Designing Comment Threads for TikTok-Style Applications

In modern content platforms like TikTok, the comment thread is an essential interaction space. Users can post top-level comments and reply to others, forming shallow trees. While this might seem simple, designing this system to be efficient, scalable, and user-friendly takes some thoughtful architecture.

This post explores how comment threads are modeled, stored, and reconstructed — and then closes with a bonus section on using Redis for performance.

Comment Thread Structure

Each video can have:

  • Many top-level comments
  • Optional replies, each pointing to a parent_comment_id

Data Model (Relational Database)

CREATE TABLE comments (
id BIGINT PRIMARY KEY,
video_id BIGINT NOT NULL,
user_id BIGINT NOT NULL,
parent_comment_id BIGINT NULL,
content TEXT NOT NULL,
replies_n BIGINT NOT NULL DEFAULT 0,
created_at TIMESTAMP NOT NULL DEFAULT NOW(),
);

Reconstructing Comment Threads

To render a full comment thread:

1. Fetch Top-Level Comments

SELECT * FROM comments
WHERE video_id = :video_id AND parent_comment_id IS NULL
ORDER BY replies_n DESC
LIMIT 50;

2. Fetch Replies for Those Comments

SELECT * FROM comments
WHERE parent_comment_id IN (:top_level_comment_ids);

3. Group Replies by Parent (In Memory)

from collections import defaultdict

replies_by_parent = defaultdict(list)
for reply in replies:
replies_by_parent[reply["parent_comment_id"]].append(reply)

thread = []
for comment in top_comments:
comment["replies"] = replies_by_parent.get(comment["id"], [])
thread.append(comment)

This reconstruction approach is efficient: O(N + M) time, where N = number of top-level comments, M = total replies.

Scaling Considerations

To handle millions of comments:

  • Paginate top-level comments (and load replies lazily)
  • Use indexes on video_id, parent_comment_id
  • Consider denormalizing data for hot content

🔥 Bonus: Redis Caching for Hot Threads

To offload frequent reads and keep response times sub-ms, cache the full reconstructed thread in Redis.

Example Structure

{
"video_id": 123,
"comments": [
{
"id": 1,
"content": "Nice vid!",
"replies": [
{ "id": 4, "content": "Agree!" },
{ "id": 5, "content": "Same!" }
]
}
]
}

Redis Key

comment_thread:video:123

Recompute and Cache

def recompute_comment_thread(video_id):
top_comments = db.query(...)
replies = db.query(...)
...
redis.set(f"comment_thread:video:{video_id}", json.dumps(thread), ex=600)

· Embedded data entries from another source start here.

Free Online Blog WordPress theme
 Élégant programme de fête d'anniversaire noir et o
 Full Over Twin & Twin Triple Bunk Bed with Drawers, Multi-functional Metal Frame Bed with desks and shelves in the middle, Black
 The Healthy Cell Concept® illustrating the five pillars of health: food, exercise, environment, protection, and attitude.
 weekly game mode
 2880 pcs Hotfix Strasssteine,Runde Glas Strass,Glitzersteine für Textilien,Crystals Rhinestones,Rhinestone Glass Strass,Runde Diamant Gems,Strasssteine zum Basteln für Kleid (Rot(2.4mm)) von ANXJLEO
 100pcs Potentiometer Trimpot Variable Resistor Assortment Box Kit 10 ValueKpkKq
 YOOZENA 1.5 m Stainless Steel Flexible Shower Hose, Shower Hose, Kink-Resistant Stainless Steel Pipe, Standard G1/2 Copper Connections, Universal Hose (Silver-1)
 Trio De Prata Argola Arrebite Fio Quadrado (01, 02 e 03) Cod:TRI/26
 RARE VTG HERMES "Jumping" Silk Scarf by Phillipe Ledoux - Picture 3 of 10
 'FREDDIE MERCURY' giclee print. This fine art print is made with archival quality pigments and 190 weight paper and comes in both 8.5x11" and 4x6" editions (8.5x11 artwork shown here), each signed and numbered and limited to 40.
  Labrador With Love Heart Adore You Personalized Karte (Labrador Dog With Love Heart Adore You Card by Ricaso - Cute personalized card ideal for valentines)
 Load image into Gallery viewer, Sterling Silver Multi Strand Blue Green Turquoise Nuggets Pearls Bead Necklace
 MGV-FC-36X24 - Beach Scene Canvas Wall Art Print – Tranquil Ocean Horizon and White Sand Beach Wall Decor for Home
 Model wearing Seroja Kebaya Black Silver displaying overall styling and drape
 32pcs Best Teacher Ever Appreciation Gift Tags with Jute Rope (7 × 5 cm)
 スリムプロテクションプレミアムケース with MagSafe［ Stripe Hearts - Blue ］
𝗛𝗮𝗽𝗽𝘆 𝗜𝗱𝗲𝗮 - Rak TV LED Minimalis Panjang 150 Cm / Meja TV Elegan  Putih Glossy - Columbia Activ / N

You can trigger recompute on new comment events or via background jobs.

Conclusion

Designing comment threads involves balancing simplicity, flexibility, and performance. Whether you're serving 100 users or 100 million, the pattern of parent-child comment structuring and smart reconstruction gives you a strong foundation.

And when performance matters most? Add a Redis layer to make it fly.